| What you should do |
The answer should consist solely of the lines from the first one below through the line containing "24K Gold plated", copied exactly.
Task input Start Marker
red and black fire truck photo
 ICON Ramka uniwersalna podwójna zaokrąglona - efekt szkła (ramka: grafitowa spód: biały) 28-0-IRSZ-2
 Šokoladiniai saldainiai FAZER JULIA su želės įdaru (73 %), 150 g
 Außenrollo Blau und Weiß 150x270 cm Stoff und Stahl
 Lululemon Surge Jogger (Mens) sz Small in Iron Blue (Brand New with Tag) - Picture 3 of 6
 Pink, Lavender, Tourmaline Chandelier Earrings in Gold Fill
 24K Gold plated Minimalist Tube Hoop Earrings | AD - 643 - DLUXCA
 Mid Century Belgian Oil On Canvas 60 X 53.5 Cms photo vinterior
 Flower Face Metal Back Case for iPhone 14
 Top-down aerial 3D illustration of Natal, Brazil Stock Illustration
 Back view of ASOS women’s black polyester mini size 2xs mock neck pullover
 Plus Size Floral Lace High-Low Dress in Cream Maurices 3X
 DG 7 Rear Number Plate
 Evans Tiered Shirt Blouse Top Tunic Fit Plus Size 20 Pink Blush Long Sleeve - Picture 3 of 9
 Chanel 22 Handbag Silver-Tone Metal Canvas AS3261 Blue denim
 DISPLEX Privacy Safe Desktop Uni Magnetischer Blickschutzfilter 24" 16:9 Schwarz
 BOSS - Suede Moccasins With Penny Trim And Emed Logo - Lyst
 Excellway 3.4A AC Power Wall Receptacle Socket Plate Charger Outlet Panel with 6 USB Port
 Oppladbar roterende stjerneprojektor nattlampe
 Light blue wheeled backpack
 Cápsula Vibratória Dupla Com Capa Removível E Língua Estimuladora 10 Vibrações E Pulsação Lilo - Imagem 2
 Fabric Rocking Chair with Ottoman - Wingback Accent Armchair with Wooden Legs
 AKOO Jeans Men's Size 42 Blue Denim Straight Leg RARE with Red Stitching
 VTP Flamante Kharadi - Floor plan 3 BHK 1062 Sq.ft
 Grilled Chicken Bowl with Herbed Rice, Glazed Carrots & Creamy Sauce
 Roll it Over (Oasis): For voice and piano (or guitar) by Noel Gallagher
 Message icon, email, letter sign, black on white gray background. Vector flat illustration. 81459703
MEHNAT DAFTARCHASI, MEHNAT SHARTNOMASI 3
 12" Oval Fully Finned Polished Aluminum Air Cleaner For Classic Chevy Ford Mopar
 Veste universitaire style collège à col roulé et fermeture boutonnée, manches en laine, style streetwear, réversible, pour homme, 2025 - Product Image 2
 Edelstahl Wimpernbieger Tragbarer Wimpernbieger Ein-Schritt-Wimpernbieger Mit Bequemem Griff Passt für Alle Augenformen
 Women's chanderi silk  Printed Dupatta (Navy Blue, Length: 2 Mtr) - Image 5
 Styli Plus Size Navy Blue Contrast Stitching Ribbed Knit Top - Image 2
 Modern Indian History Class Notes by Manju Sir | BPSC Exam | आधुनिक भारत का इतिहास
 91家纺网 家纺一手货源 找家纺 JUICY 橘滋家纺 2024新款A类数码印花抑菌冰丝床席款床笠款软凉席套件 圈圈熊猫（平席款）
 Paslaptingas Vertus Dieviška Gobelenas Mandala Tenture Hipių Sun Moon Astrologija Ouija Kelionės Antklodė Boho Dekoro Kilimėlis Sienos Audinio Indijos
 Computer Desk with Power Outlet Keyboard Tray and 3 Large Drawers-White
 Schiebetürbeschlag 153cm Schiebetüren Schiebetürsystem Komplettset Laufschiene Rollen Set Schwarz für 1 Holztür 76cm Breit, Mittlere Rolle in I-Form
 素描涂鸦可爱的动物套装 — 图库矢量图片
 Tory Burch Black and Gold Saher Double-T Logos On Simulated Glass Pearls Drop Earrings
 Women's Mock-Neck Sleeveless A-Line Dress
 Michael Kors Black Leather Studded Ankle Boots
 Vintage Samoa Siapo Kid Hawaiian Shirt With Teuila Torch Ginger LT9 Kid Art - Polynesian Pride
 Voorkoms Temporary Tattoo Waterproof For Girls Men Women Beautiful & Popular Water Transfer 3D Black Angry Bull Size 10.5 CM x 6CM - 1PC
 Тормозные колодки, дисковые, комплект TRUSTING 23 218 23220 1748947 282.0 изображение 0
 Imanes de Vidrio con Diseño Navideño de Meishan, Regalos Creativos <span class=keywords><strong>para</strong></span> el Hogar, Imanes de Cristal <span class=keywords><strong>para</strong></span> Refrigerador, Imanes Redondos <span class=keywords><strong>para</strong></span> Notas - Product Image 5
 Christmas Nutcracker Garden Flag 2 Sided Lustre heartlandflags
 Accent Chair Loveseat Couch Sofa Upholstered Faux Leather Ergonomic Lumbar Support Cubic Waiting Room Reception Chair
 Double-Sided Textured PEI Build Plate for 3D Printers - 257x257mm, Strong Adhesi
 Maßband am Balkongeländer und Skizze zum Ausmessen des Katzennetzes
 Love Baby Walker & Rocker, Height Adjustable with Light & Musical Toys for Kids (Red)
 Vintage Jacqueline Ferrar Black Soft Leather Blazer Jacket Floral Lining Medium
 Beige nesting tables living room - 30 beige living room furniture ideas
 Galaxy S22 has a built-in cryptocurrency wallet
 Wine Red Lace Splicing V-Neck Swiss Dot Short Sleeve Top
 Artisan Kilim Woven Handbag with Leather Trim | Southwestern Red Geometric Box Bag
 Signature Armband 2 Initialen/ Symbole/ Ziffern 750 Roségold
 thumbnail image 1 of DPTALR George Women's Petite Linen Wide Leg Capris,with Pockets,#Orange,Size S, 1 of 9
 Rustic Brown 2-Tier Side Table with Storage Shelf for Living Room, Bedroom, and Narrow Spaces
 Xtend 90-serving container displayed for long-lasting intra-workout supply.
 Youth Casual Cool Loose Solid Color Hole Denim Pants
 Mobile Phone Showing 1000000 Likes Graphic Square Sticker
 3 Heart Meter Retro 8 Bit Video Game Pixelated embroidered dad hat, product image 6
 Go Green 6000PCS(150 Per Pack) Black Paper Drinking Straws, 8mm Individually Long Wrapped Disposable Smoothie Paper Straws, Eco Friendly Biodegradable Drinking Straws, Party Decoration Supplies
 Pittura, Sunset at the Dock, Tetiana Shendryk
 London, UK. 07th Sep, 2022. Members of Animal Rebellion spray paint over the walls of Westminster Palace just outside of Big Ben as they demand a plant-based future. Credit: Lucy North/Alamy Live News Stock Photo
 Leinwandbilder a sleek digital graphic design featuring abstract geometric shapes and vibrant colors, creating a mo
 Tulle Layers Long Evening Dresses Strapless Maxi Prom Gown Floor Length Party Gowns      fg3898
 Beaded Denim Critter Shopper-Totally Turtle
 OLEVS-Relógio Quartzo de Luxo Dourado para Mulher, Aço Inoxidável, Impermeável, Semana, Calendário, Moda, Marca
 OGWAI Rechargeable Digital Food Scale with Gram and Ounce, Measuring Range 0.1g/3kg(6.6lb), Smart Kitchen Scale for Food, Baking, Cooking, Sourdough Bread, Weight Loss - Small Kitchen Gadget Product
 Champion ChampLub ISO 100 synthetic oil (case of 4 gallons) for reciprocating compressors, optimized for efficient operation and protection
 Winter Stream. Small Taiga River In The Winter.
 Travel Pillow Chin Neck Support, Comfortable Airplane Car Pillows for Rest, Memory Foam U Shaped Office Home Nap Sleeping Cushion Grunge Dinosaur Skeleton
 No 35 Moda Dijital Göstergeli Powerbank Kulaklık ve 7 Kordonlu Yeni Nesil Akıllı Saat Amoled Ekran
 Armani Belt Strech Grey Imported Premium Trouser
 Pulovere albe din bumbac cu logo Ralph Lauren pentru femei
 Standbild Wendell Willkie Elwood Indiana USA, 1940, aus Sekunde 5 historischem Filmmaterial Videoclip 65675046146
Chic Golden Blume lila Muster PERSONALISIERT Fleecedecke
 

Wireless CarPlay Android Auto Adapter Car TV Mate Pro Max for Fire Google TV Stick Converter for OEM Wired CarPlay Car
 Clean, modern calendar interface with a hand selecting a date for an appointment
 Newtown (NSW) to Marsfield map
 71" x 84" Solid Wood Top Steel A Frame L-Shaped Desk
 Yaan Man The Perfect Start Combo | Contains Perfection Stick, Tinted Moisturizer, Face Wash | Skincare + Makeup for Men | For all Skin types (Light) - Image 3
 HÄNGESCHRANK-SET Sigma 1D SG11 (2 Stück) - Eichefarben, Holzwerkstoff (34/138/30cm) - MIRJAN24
Task input End Marker
| Solution to this exercise |
red and black fire truck photo
 ICON Ramka uniwersalna podwójna zaokrąglona - efekt szkła (ramka: grafitowa spód: biały) 28-0-IRSZ-2
 Šokoladiniai saldainiai FAZER JULIA su želės įdaru (73 %), 150 g
 Außenrollo Blau und Weiß 150x270 cm Stoff und Stahl
 Lululemon Surge Jogger (Mens) sz Small in Iron Blue (Brand New with Tag) - Picture 3 of 6
 Pink, Lavender, Tourmaline Chandelier Earrings in Gold Fill
 24K Gold plated Minimalist Tube Hoop Earrings | AD - 643 - DLUXCA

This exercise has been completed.